----- Dataset excerpt -----
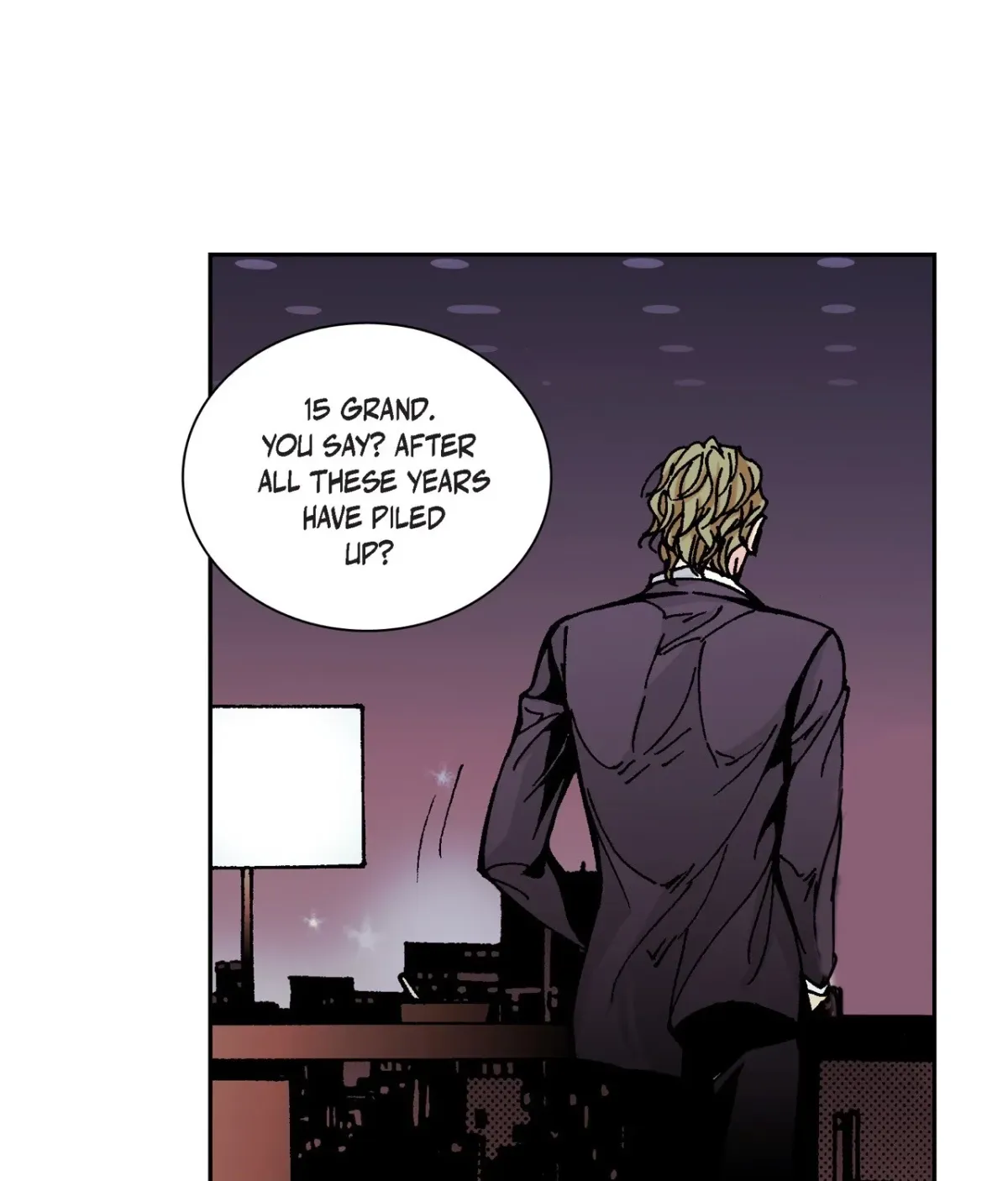 Intense Chapter 35 page 29 - 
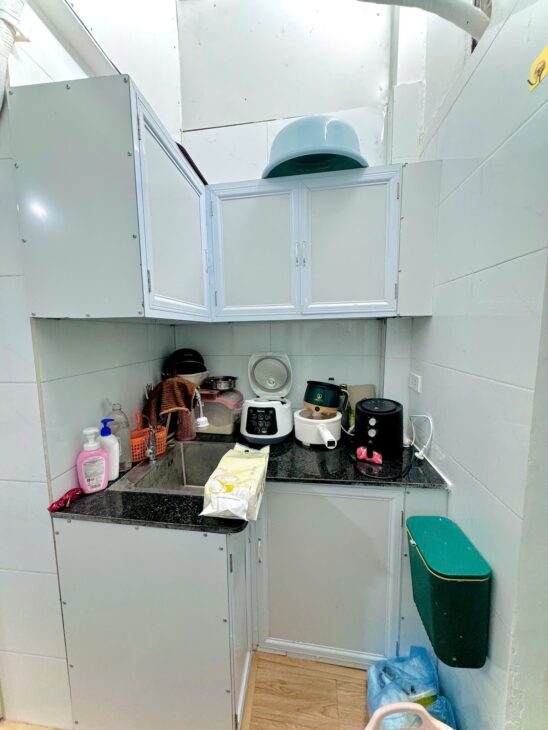 Cần bán căn hộ Tập thể tầng 1, Thọ Lão 20m2 (có gác xép 2 ngủ) Full đồ 2.4 tỷ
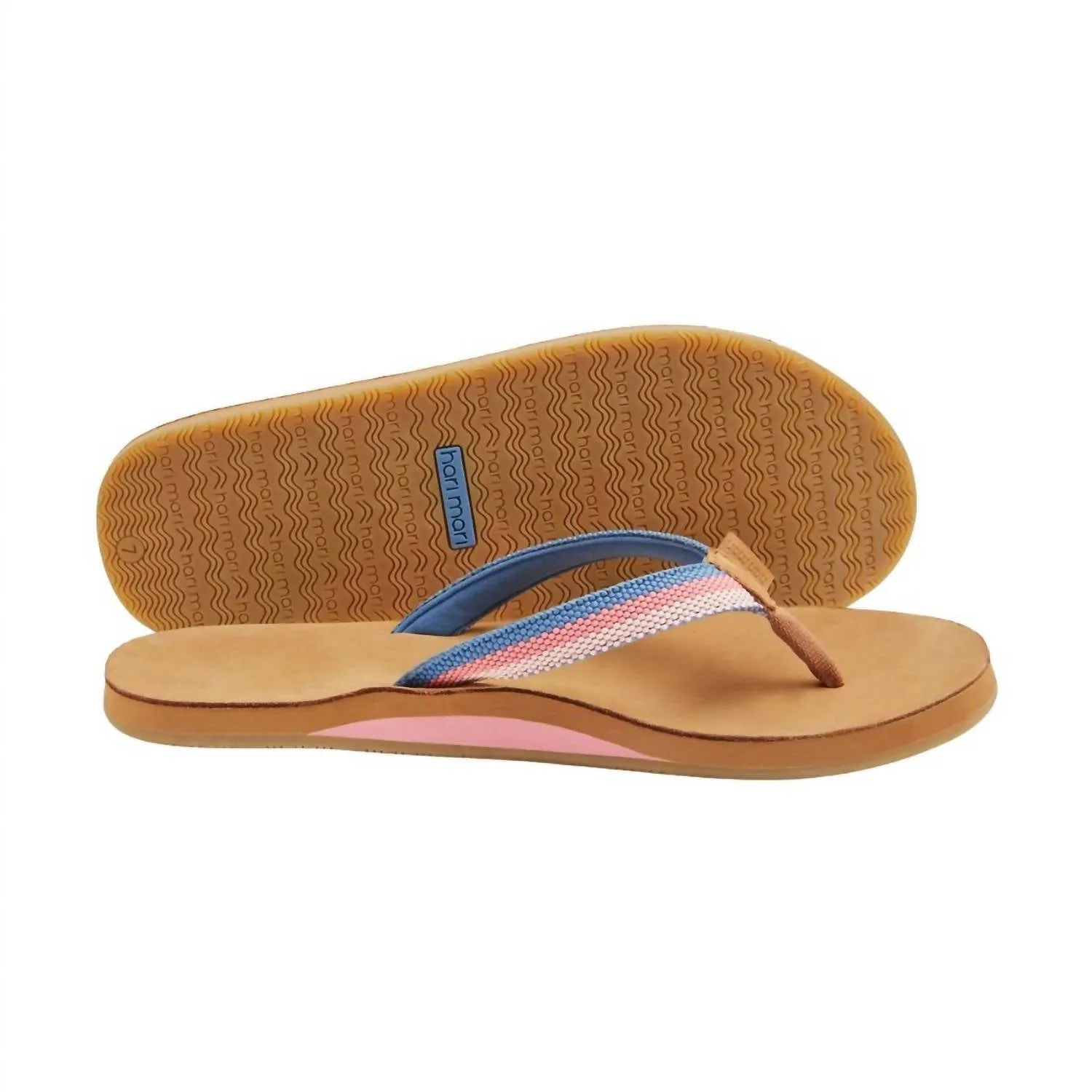 Women's Scouts Breeze Flip Flop In Chambray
-----
Keep the pictures out while you retype all of the data above exactly as it appears.

 Intense Chapter 35 page 29 - 
 Cần bán căn hộ Tập thể tầng 1, Thọ Lão 20m2 (có gác xép 2 ngủ) Full đồ 2.4 tỷ
 Women's Scouts Breeze Flip Flop In Chambray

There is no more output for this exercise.